Exercise instructions:
With the pictures left out, please return exactly the line holding "image of property" and each following line until the entries end.

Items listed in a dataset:
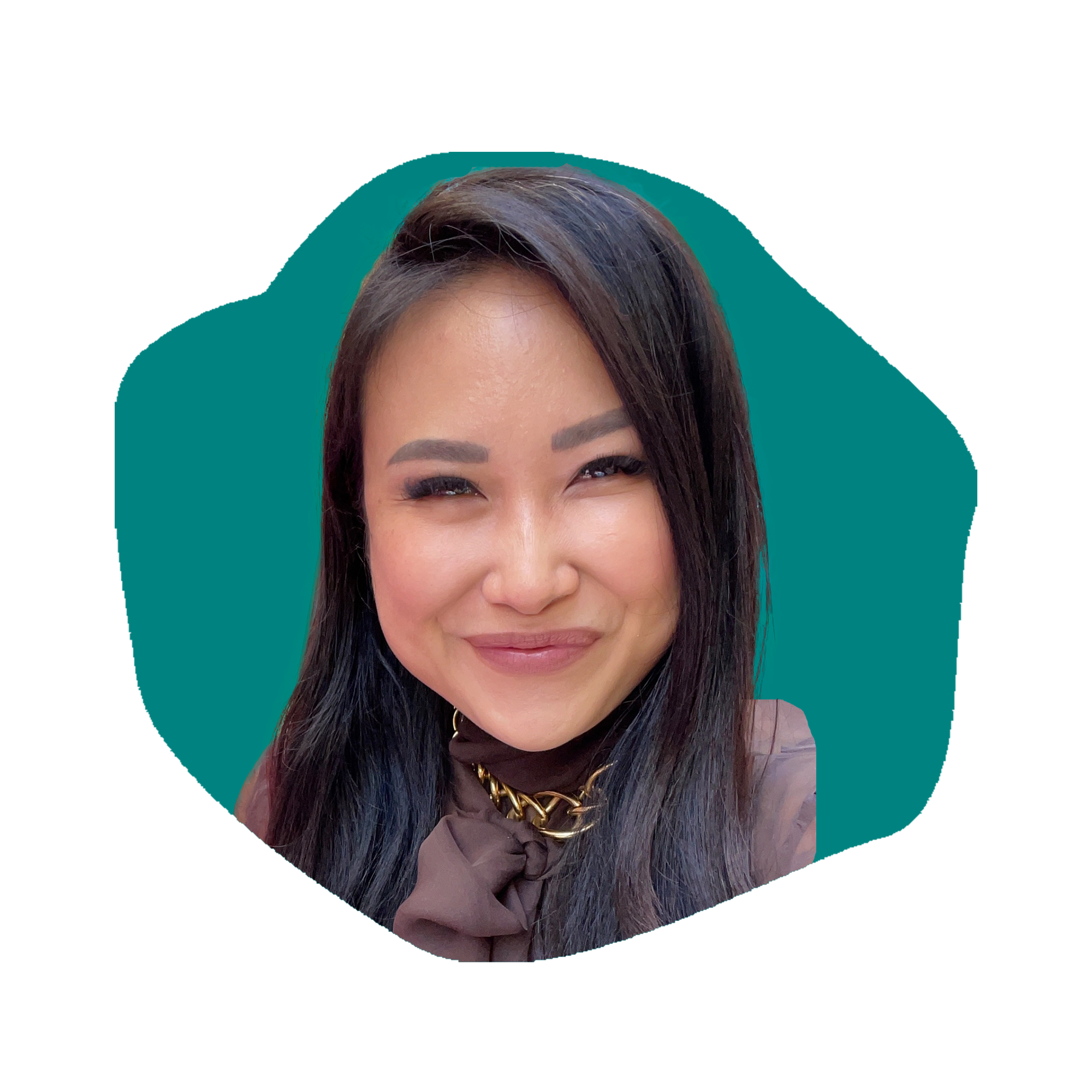 Julie Nguyen Founder CEO Of Methodology The Kara Goldin Show Julie Nguyen Founder CEO Of Methodology The Kara Goldin Show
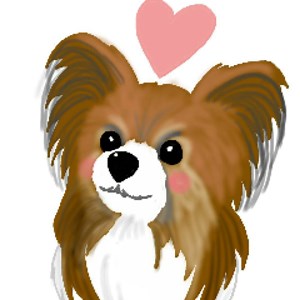 MimuoMimu - Twitch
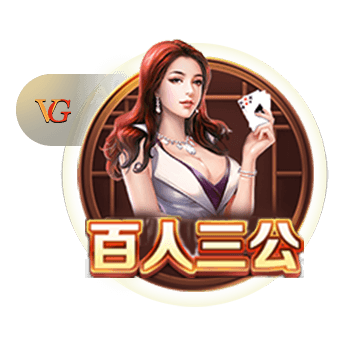 kuauyun手机官网安卓版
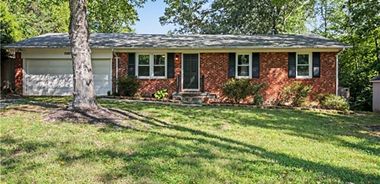 image of property with 3 Bed | 1 Bath | 1,030 Sqft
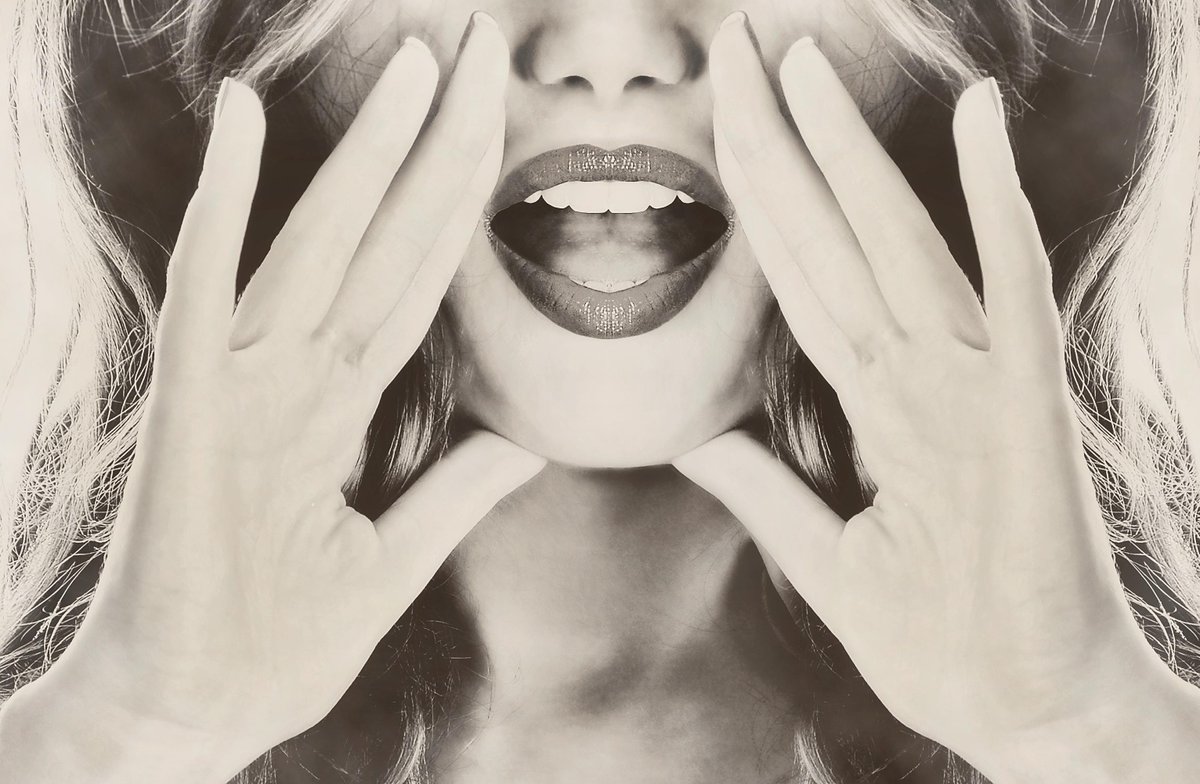 Début Hotel Group tweet media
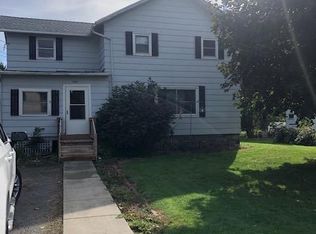 1797 Kent Rd, Kent, NY 14477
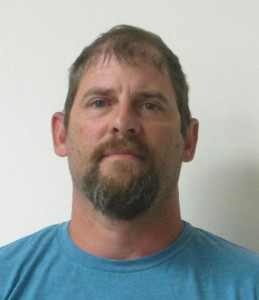 Rick L Mcquillin a registered Sex Offender of Ohio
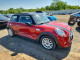 Mini COOPER 2015 — Copart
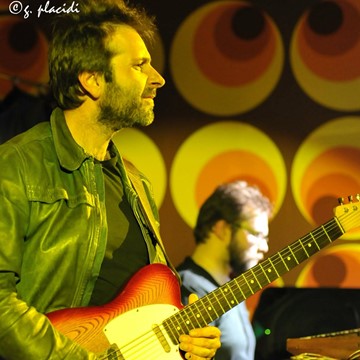 Gio Mancini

Answer to the exercise:
 image of property with 3 Bed | 1 Bath | 1,030 Sqft
 Début Hotel Group tweet media
 1797 Kent Rd, Kent, NY 14477
 Rick L Mcquillin a registered Sex Offender of Ohio
 Mini COOPER 2015 — Copart
 Gio Mancini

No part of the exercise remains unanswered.